* Task brief: Before printing, remove every picture; then print the lines below exactly, from the first line through the line containing "Now the types".

(Beginning of Exercise data)

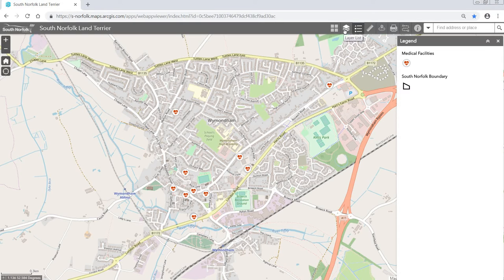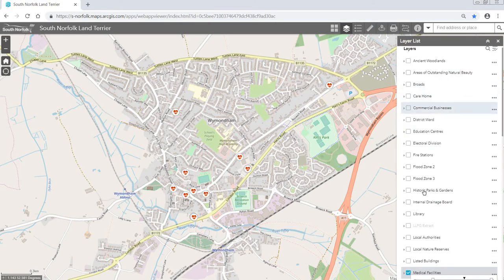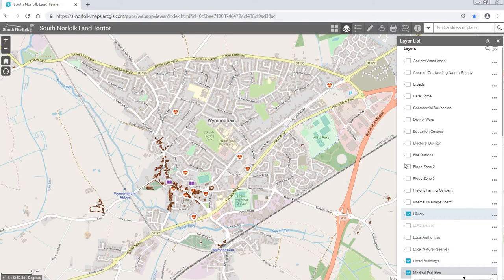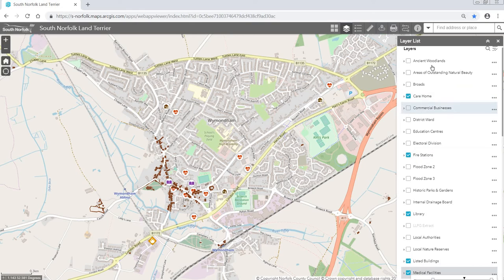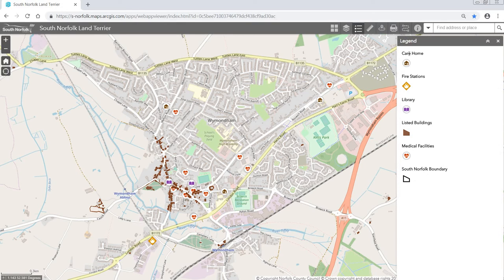If we go onto our layers list and select a few more layers — listed buildings, libraries, fire stations, and care homes — when you go back onto the legend icon, you can see that all those layers which have been turned on now appear in the legend.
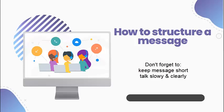Don't forget to keep your message as short as possible and to talk slowly and clearly.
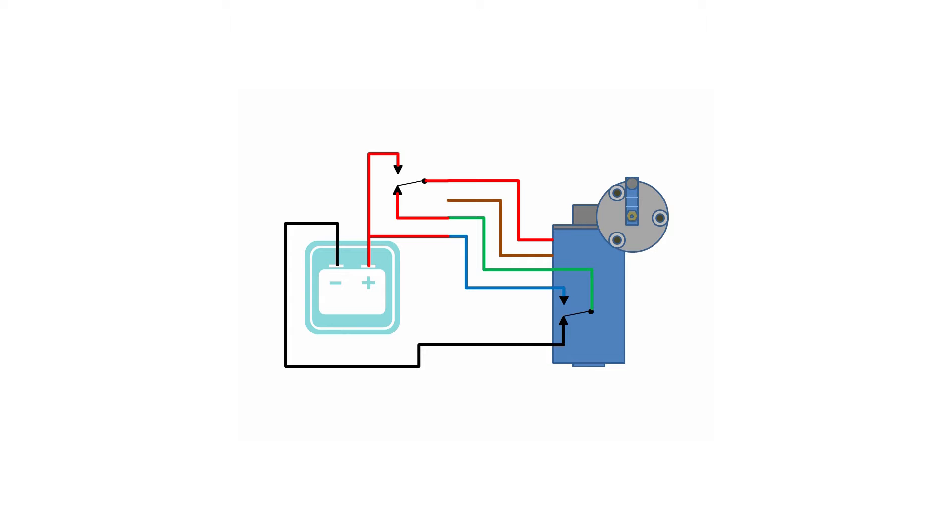If you recall, we need a single pole double throw relay of some kind to enable the park feature and we use that as a trigger. When the relay is closed, power is directed straight into the motor and it starts to turn.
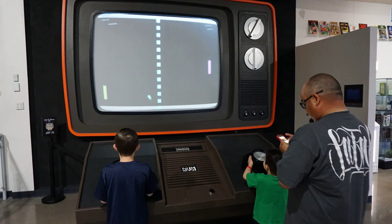Self-determination theory is a macro theory of human motivation based around competence, autonomy, and relatedness to facilitate positive outcomes. SDT provides a framework for understanding the effects of playing video games on well-being, problem-solving, group relations, and physical activities. These factors can be measured to determine the effect video games can have on people.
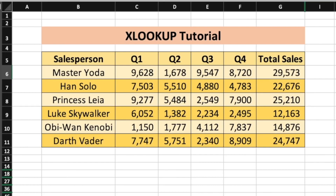XLOOKUP is one of the newer functions introduced by Excel to empower users with powerful tools for data analysis. In this video, I will show you how to use the XLOOKUP function.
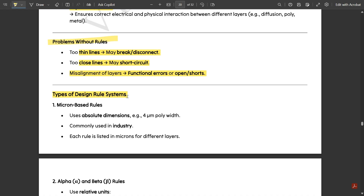Now the types of design rule systems — these are very important. First, we have micron-based rules. Under micron-based rules, absolute dimensions are used; for example, a four-micrometer poly width. It uses a fixed set of dimensions and does not adapt to other dimensions. Each rule is listed in microns for different layers. This is commonly used in industry.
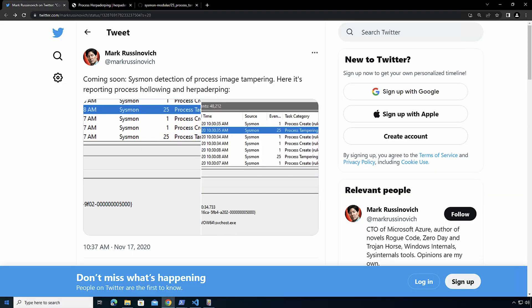And specifically with Sysmon, according to Mark Russinovich, we're able to track two different techniques. One of them is process hollowing, which is used by many of the frameworks out there. And the other one is process herpaderping.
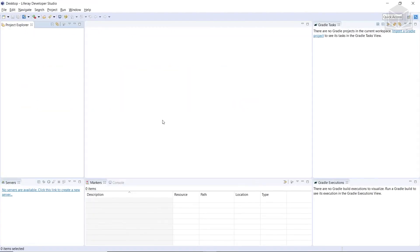In this exercise, we'll be installing a bundle in your workspace. We'll have to launch Dev Studio if it's not already running. After you get it opened up, you'll create a new Liferay Workspace.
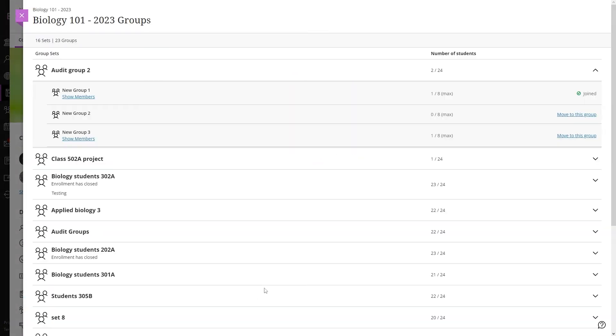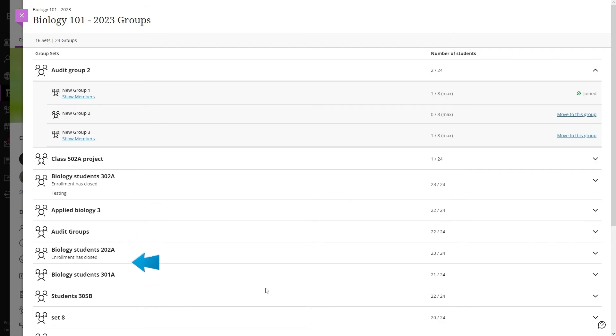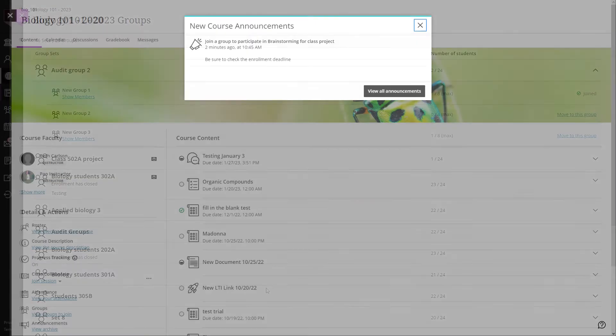When the Groups page opens, you will be able to see the available groups of the course. Here you can verify in which group you are registered and your instructor will be able to add you to a group or send you a self-enrollment request that you just have to accept.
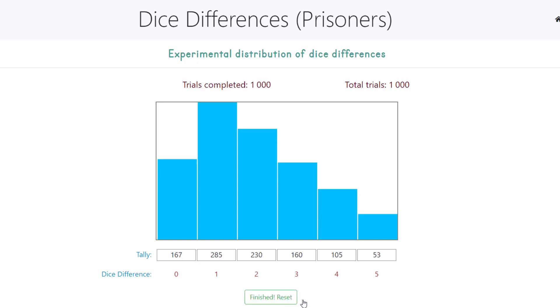The simulation allows students to simulate the results of thousands of trials in a very short period of time, which allows them to make and test their own conjectures.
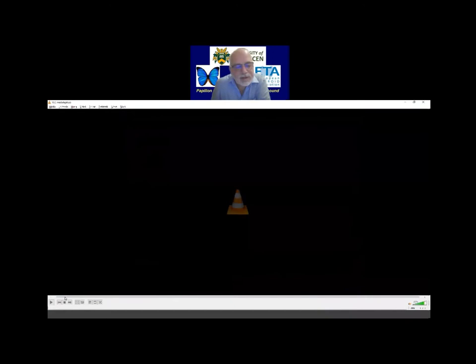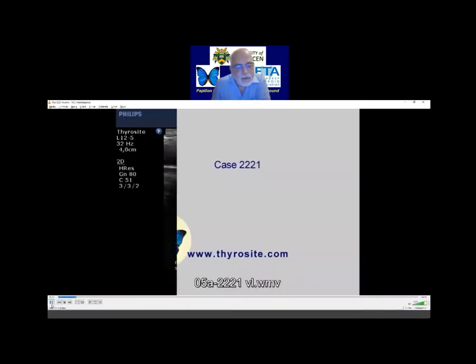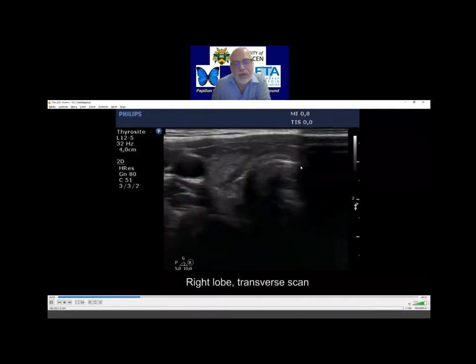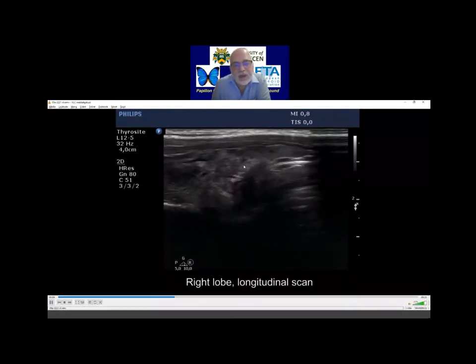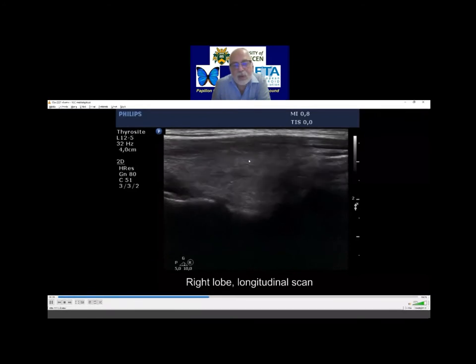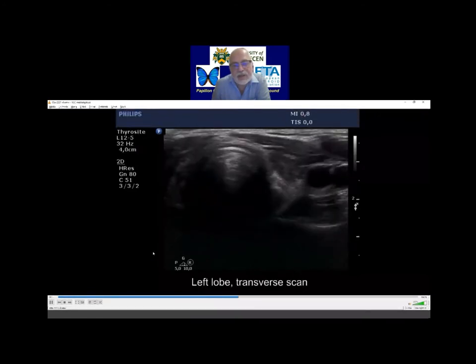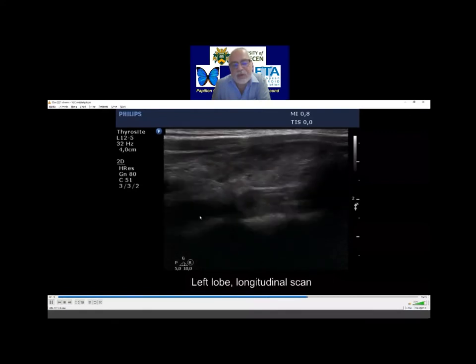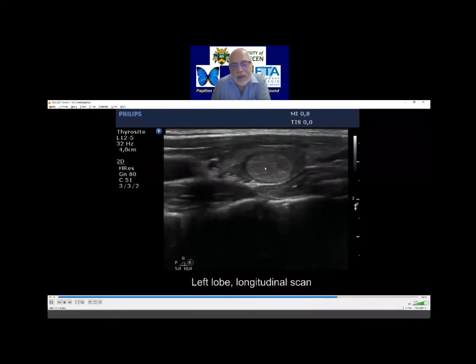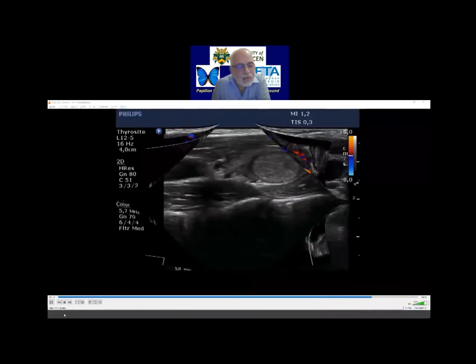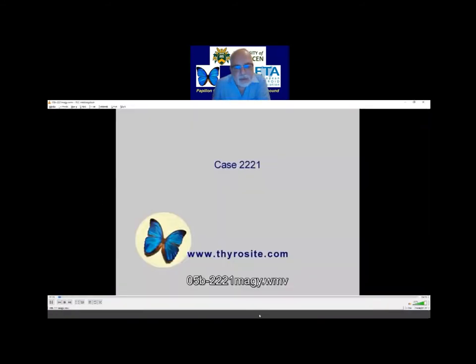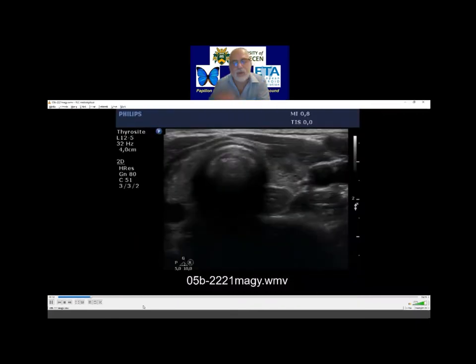Yes, it is. I think it is quite obvious in the right lobe that this is the focal form of lymphocytic thyroiditis. There are many small hyperechoic areas with an isoechoic normal background, so this is a typical presentation of thyroiditis. And here is the nodule in the left lobe, and in the second video, I focus only on the nodule.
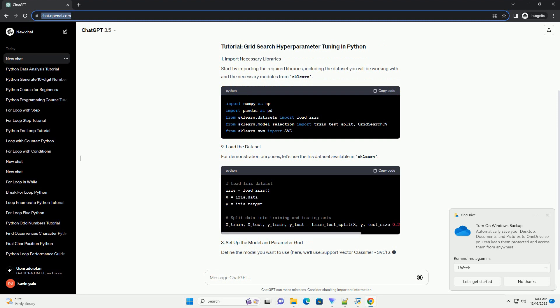This tutorial covers the basic steps of grid search hyperparameter tuning using scikit-learn in Python. Remember that the hyperparameter grid, model, and dataset used in this example can be adapted for other machine learning algorithms and datasets. Grid search provides a systematic way to find optimal hyperparameter values, improving the performance of your machine learning models.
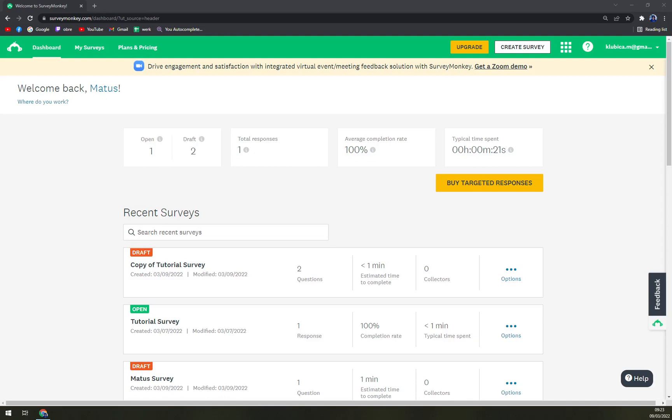Hello guys, my name is Matthew and in today's video we are going to show you how you can delete your drafts or your open surveys in SurveyMonkey.com. In the previous videos we created a couple of surveys.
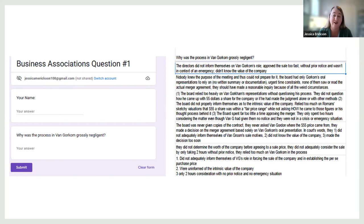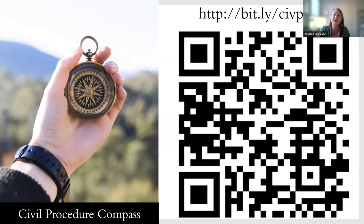I also do something similar at the end of class—what I call my civil procedure compass, accessible via a QR code or bit.ly link. At the end of class, it's a Google Form for metacognition: what were some takeaways, and do you have any questions from today's class? It's just a way to check in with them and make sure we're all on the same page.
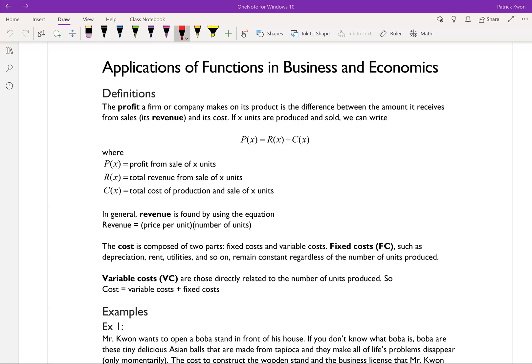Hi everyone, it's Mr. Kwan here. Today we're going to talk about applications of functions in business and economics.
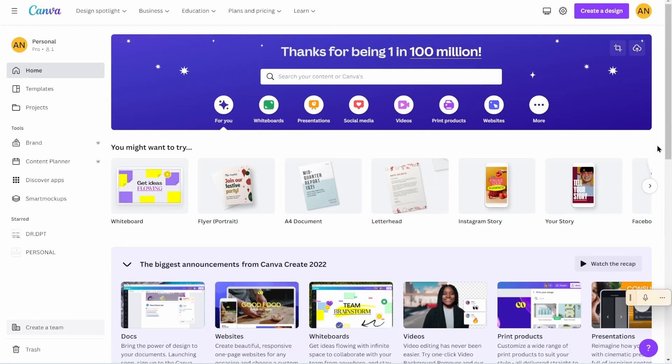Hey, welcome back to the Canva tutorial playlist where I'm helping you create all of your own budgeting money worksheets and money trackers and money planners so that you can skip the Etsy shop and make these on your own in literally just a few minutes and customize exactly how you want.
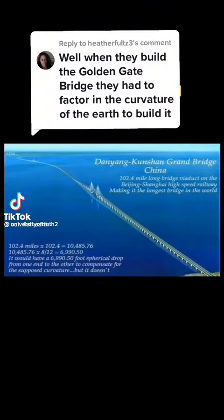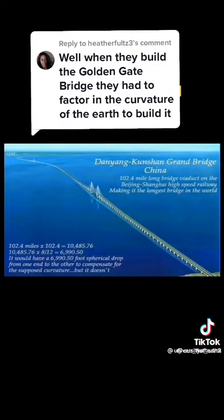Here's the longest bridge in the world, the Danyang-Kunshan Grand Bridge in China. 102.4 miles long. There should exist nearly 7,000 feet of curvature drop in that bridge. 7,000 foot curvature drop. Do you see it? It ain't there.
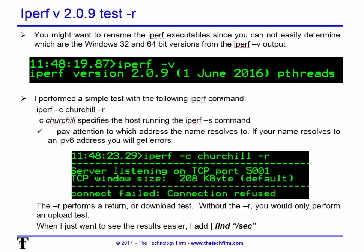I performed a simple test with the command: iPerf dash c Churchill dash r, where Churchill is the host name — you can use a name or IP address — and iPerf dash s on the server side. Pay attention to which address the name resolves to, because in iPerf version 2 if it resolves to an IPv6 address it will fail or have a long pause. If that happens, just manually put the IPv4 address in. The dash r flag does an upload, stops, then does a download test so you get both numbers. You can also pipe the output through: pipe find with the string "/sec" to filter the results.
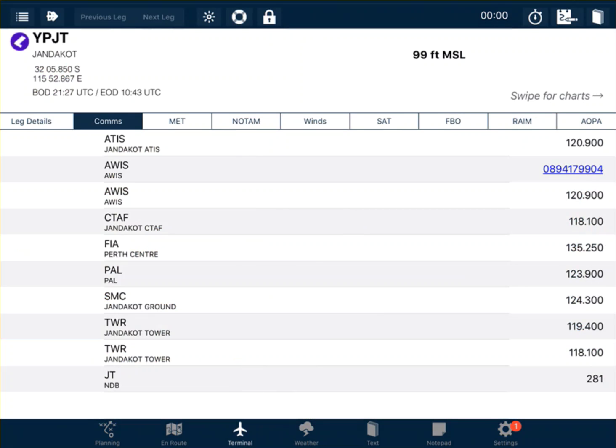In your operations manual you will also have a list of contact numbers for the air traffic control units, and if in doubt, you can give them a call to find out the appropriate frequency.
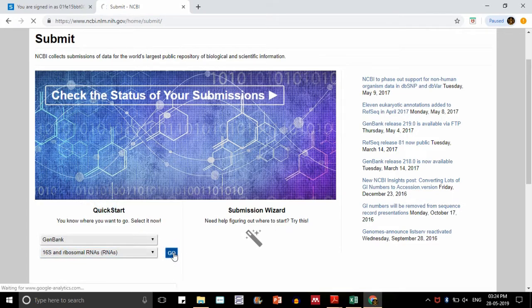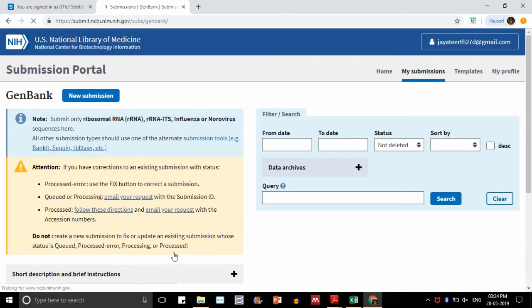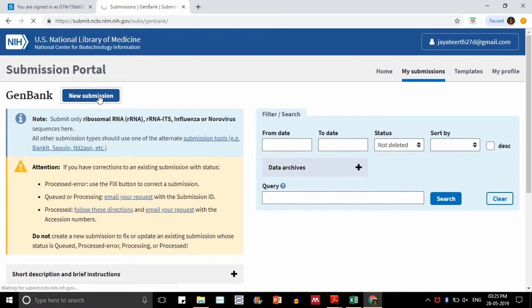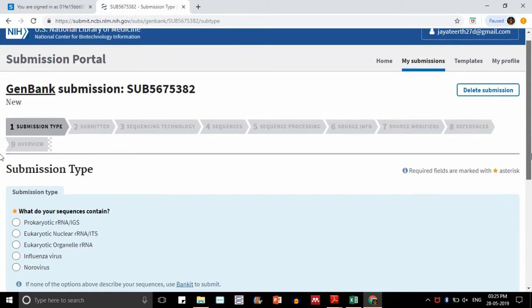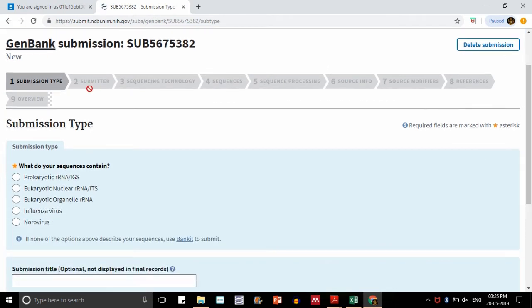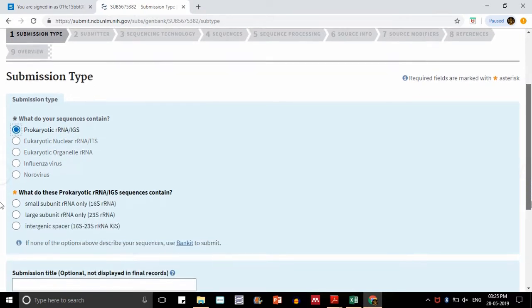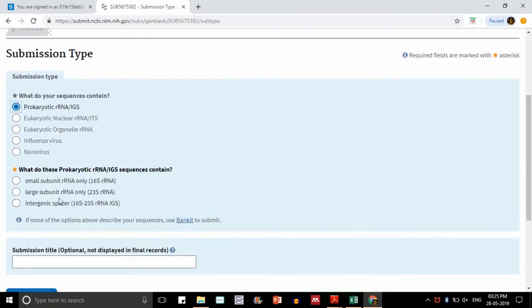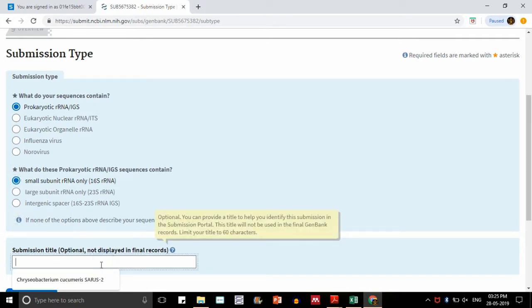We have come to the next page. There is some note we can read: submit only ribosomal RNA sequence or rRNA ITS. I'm clicking on new submission. Here is the new submission GenBank ID that will be required for your queries in future. Submission type is prokaryotic sequence. I am submitting small subunit ribosomal RNA sequence, that is 16S rRNA. Submission title is optional, but I am still giving it a title.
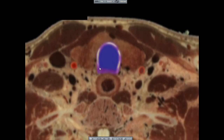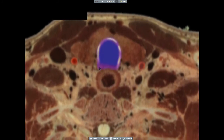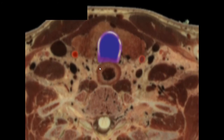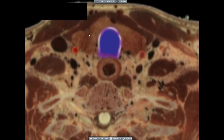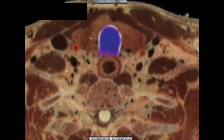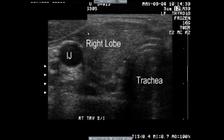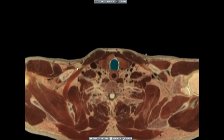Look carefully at these images from the thyroid gland in the VH Dissector cadaver. Notice that the right lobe is inhomogeneous compared to the left. Again, orient yourself. The internal jugular vein, the trachea, and the right lobe are clearly seen here.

(End of Exercise data)

* Response below:
If we go onto our layers list and select a few more layers — listed buildings, libraries, fire stations, and care homes — when you go back onto the legend icon, you can see that all those layers which have been turned on now appear in the legend.
Don't forget to keep your message as short as possible and to talk slowly and clearly.
If you recall, we need a single pole double throw relay of some kind to enable the park feature and we use that as a trigger. When the relay is closed, power is directed straight into the motor and it starts to turn.
Self-determination theory is a macro theory of human motivation based around competence, autonomy, and relatedness to facilitate positive outcomes. SDT provides a framework for understanding the effects of playing video games on well-being, problem-solving, group relations, and physical activities. These factors can be measured to determine the effect video games can have on people.
XLOOKUP is one of the newer functions introduced by Excel to empower users with powerful tools for data analysis. In this video, I will show you how to use the XLOOKUP function.
Now the types of design rule systems — these are very important. First, we have micron-based rules. Under micron-based rules, absolute dimensions are used; for example, a four-micrometer poly width. It uses a fixed set of dimensions and does not adapt to other dimensions. Each rule is listed in microns for different layers. This is commonly used in industry.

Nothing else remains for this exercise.